The performance consisted of four dancers, two singers, a sound artist and sound engineer, with whom Blake has explored concepts of (women’s) oppression, collective trauma and loss, culminating in a physical choreography and classical dramaturgy. Blake calls for places and opportunities to release deep emotion freely and without censorship, such as in the form of a lament, a historical means of protest that was not always universally accepted and thus became a starting point for her artistic research. As an art form, lamentation was outlawed by the ancient Greeks, which restrained and silenced women’s voices in particular, and made it harder to experience emotional catharsis. In her artistic practice, Blake attempts to reflect on these and other patriarchal power relations, and to induce similar feelings of protest in the audience, so that they “connect with a deeper layer within themselves” and the body can express itself freely.19
She designed an ‘empty room’ for the exhibition space, filled purely with ‘the smell of decay’. At Blake’s request, Tolaas developed this smell in her laboratory, where she has an archive of 10,000 scent molecules.
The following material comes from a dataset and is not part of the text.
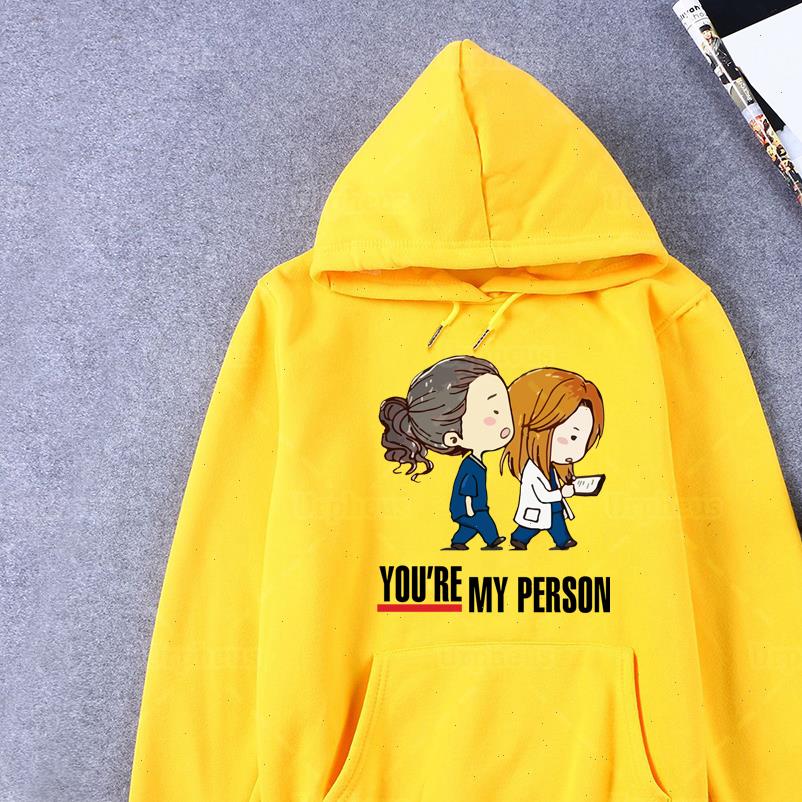 

greys anatomy you are womens sweatshirt my person funny sweatershirt friend pullover nurse print, Black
Located in the first room of the exhibition, the work overwhelms the museum visitor as soon as they walk through the narrow passageway, a kind of sluice, into the space. Immediately one notices that the light here is dimmer than in the rest of the museum and that the air is filled with a penetrating odor. Those who have not read the text that accompanies the work will probably first look for a visual work of art, but this is absent in this space. The visitor relies solely on one’s own body, sensations, emotions and thoughts. However, at the end of the room, a few meters away, is a publication in the with background information on Blake’s research: the only material point of reference in this exhibition space (fig. 7, 8).
Fig. 5. Alexis Blake, ‘rock to jolt [ ] stagger to ash’, 2021. Performance, exhibition space with architectural interventions, dim lighting, fragrance, tabloid publication. Prix de Rome 2021. Photo: Daniel Nicolas.
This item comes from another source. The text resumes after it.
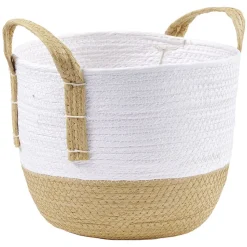Gifi Rangement|Panière Ø24xH.20cm beige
Fig. 6. Alexis Blake, ‘rock to jolt [ ] stagger to ash’, 2021. Performance. Prix de Rome 2021. Photo: Jonas van Kappel
Fig. 7. Alexis Blake, ‘rock to jolt [ ] stagger to ash’, 2021. Performance, exhibition space with architectural interventions, dim lighting, fragrance, tabloid publication. Prix de Rome 2021. Photo: Bas Czerwinski.
Fig. 8. Alexis Blake, ‘rock to jolt [ ] stagger to ash’, 2021. Performance, exhibition space with architectural interventions, dim lighting, fragrance, tabloid publication. Prix de Rome 2021. Photo: Bas Czerwinski.
1.3.1. Method and Expectations
At the end of their exhibition visit, approximately thirty random visitors to the Stedelijk Museum were each asked a series of closed and open-ended questions related to their individual experience of the olfactory artwork. I then interpreted the responses in a discourse-analytical way, which reveals how visitors speak and think about the use of smell in an aesthetic context. Do they adopt an ocular-centric (visually oriented) or multisensory perspective when approaching olfactory artworks? As a research method, discourse analysis originates from the French philosopher Michel Foucault who, in The Archaeology of Knowledge (1969), argued that the relationship between knowledge and power reveals itself in the form of discourse, in which a certain way of speaking within a discipline, for example within the museum world, can produce a concept of knowledge and, consequently, a relation of power: it establishes one view of truth and excludes alternative ideas or perspectives. Thus, I looked for so-called discursive formations: linguistic constellations that systematically construct the subjects to which they relate, forming norm-affirming and -deviating perspectives.20 The visitor responses may thus offer clues to different strategies of meaning-making that visitors employ to place olfactory art in an aesthetic framework.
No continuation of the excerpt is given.